- _EXERCISE PROMPT_: Output the lines from the top of the entries below to the line with "1999 Jeep Wrangler", both included, exactly and without pictures.

┌─ PROVIDED DATA

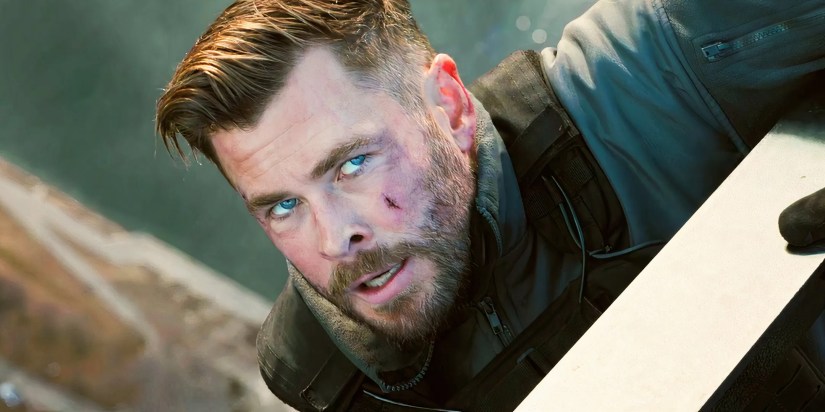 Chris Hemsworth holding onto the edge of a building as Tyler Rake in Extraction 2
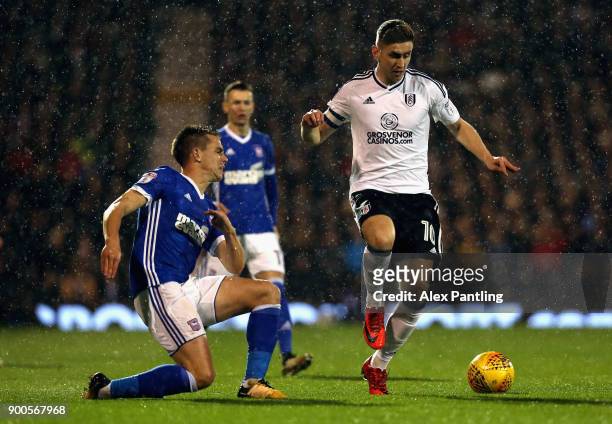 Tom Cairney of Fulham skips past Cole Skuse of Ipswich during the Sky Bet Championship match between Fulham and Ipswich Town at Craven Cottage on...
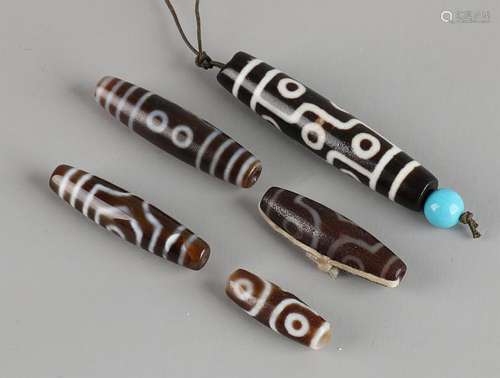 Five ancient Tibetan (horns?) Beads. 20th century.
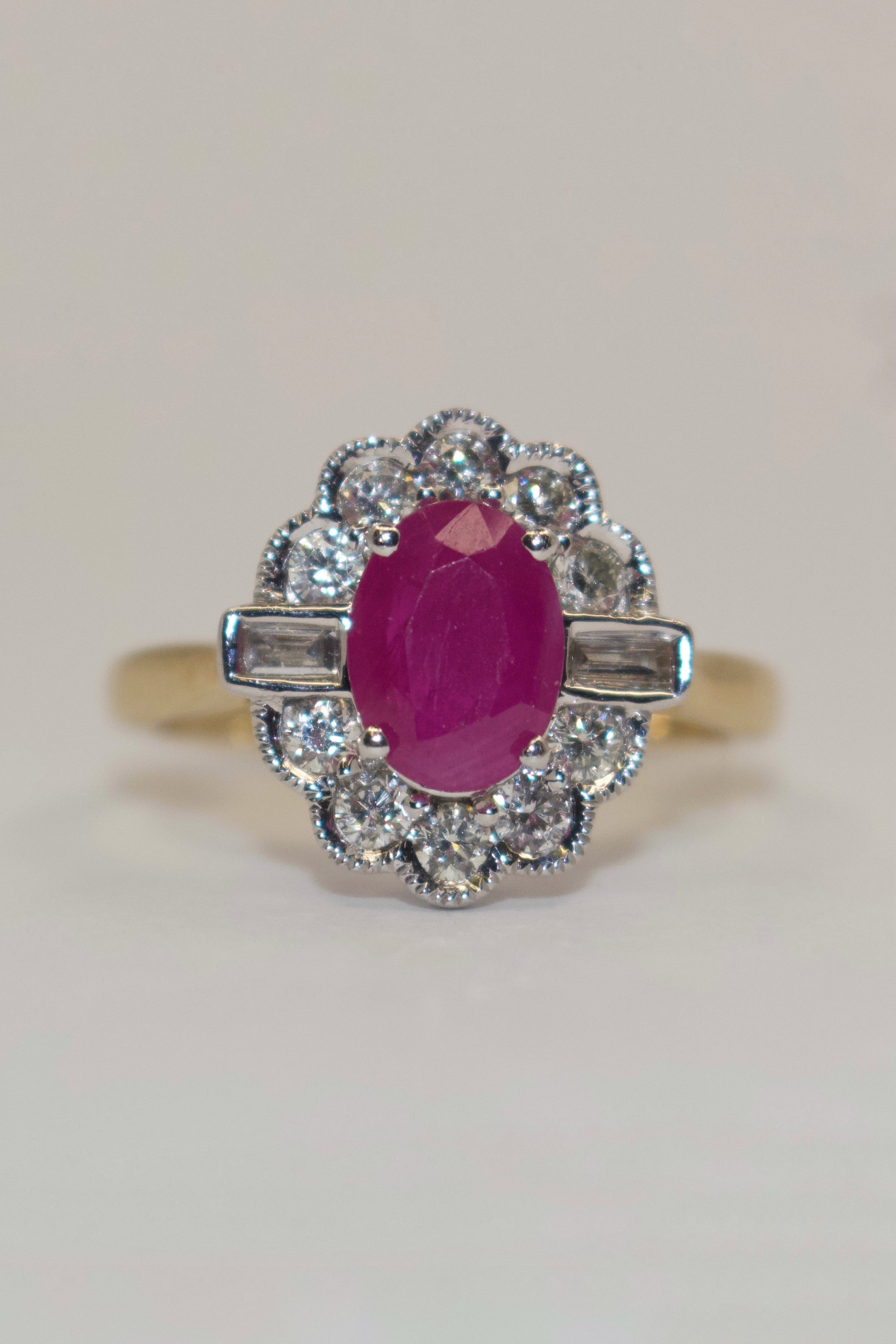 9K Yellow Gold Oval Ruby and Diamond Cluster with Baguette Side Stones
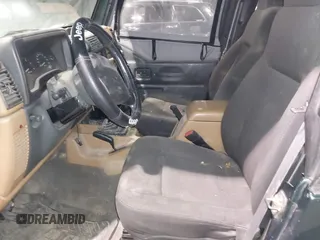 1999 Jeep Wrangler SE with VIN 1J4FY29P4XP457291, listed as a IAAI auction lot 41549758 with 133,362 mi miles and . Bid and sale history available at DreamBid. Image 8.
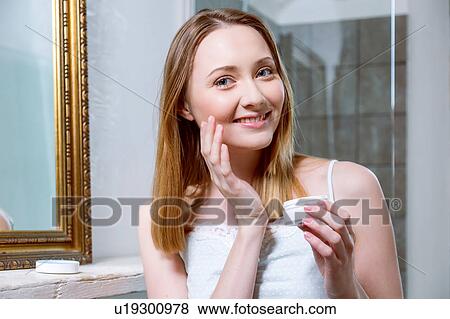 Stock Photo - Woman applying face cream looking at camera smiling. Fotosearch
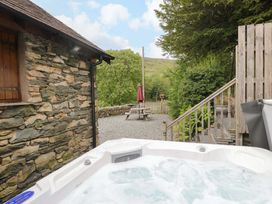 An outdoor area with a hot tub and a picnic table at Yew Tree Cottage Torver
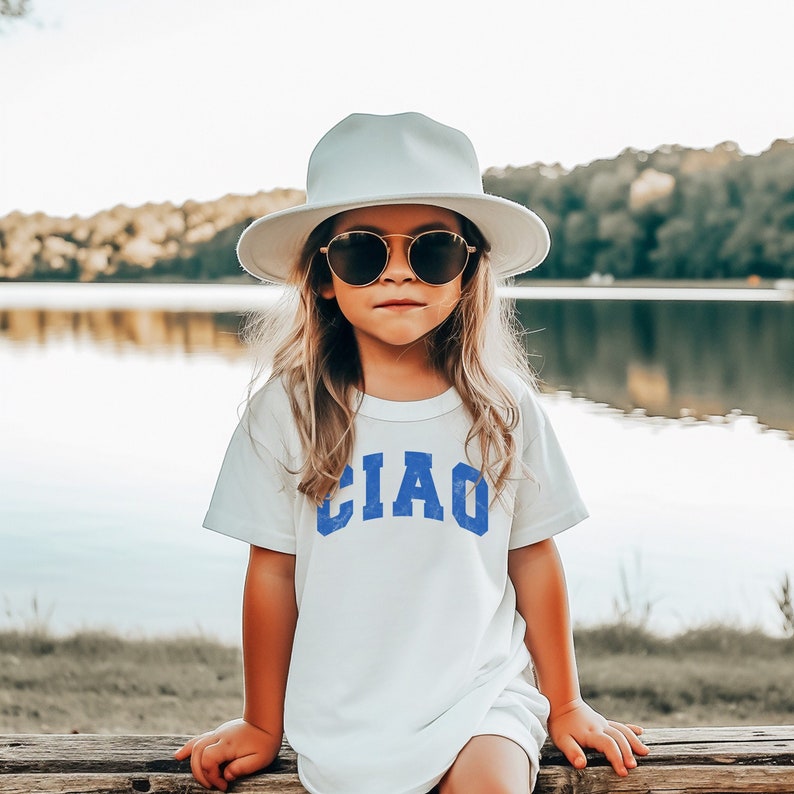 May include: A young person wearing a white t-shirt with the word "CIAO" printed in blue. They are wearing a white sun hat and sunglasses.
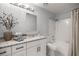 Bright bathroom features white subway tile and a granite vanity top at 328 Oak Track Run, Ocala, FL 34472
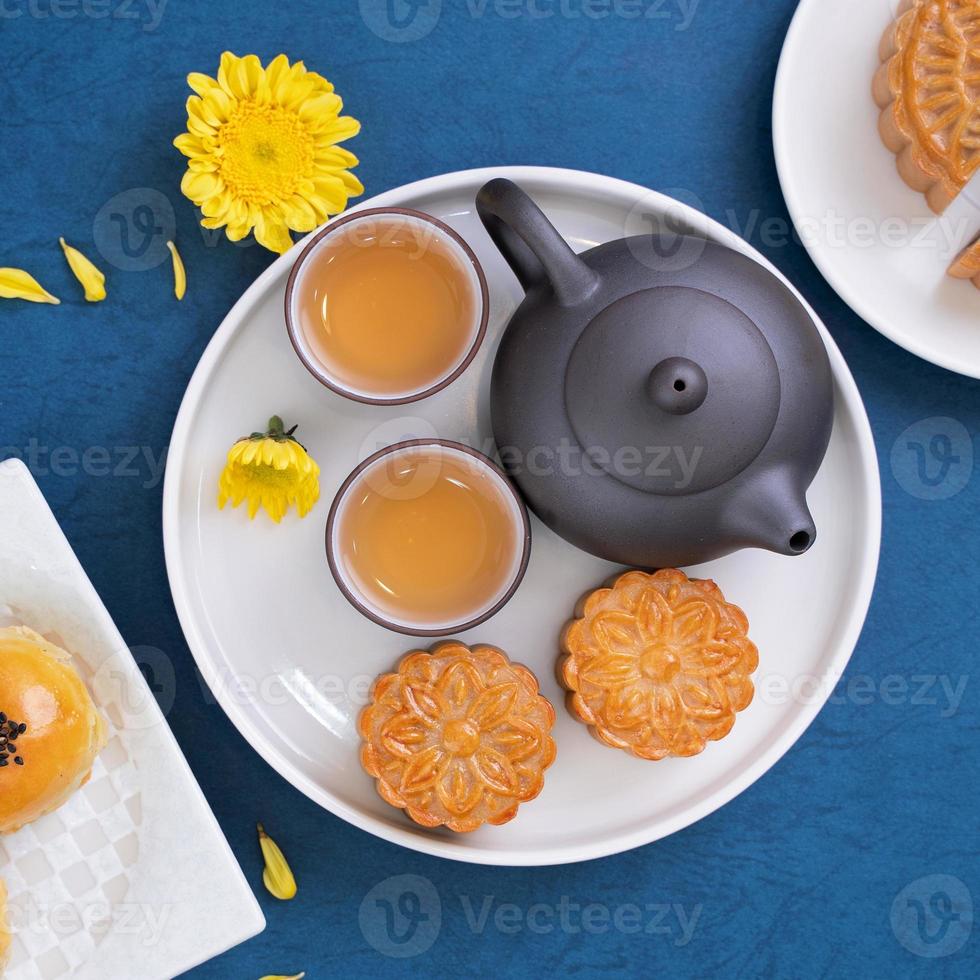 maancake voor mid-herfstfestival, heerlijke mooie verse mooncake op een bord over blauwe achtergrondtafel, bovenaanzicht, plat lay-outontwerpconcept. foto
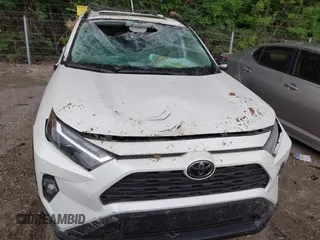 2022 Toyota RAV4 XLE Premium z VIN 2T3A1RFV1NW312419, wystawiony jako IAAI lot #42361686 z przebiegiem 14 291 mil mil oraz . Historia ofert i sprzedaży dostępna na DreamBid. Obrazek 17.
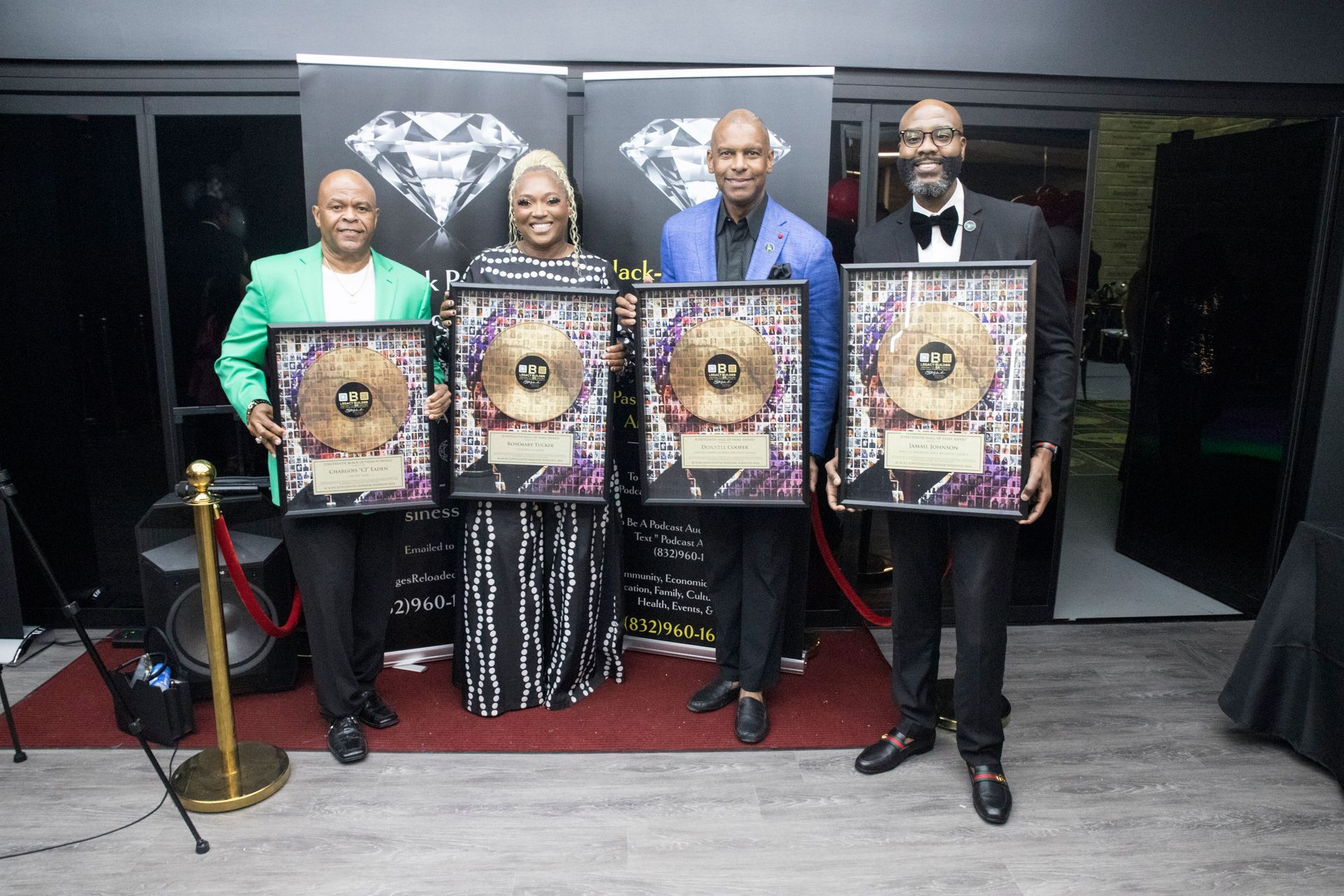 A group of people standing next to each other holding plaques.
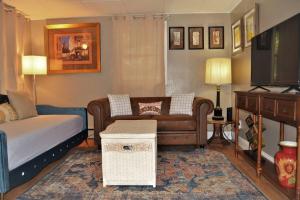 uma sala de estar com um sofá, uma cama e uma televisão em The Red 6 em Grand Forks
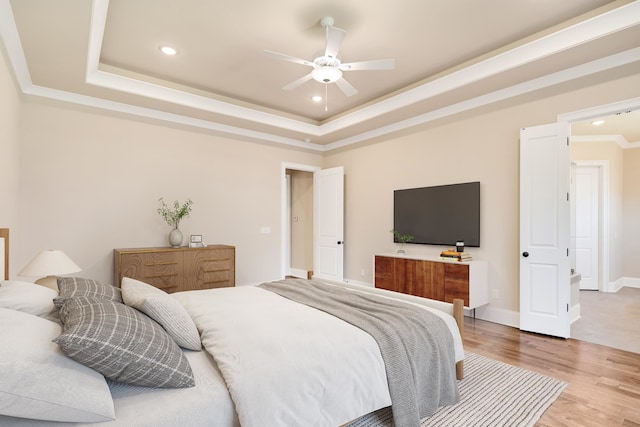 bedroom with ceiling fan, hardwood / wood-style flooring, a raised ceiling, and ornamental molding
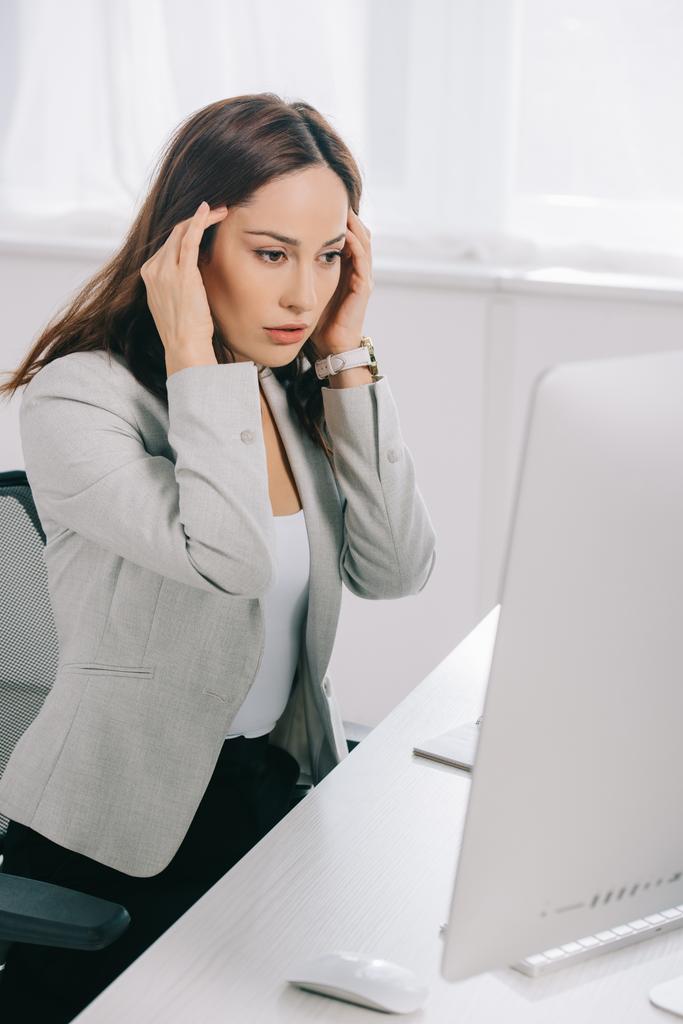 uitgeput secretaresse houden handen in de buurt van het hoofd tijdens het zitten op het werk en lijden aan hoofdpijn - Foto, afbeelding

└─

- _ANSWER TO THE PROBLEM_:
 Chris Hemsworth holding onto the edge of a building as Tyler Rake in Extraction 2
 Tom Cairney of Fulham skips past Cole Skuse of Ipswich during the Sky Bet Championship match between Fulham and Ipswich Town at Craven Cottage on...
 Five ancient Tibetan (horns?) Beads. 20th century.
 9K Yellow Gold Oval Ruby and Diamond Cluster with Baguette Side Stones
 1999 Jeep Wrangler SE with VIN 1J4FY29P4XP457291, listed as a IAAI auction lot 41549758 with 133,362 mi miles and . Bid and sale history available at DreamBid. Image 8.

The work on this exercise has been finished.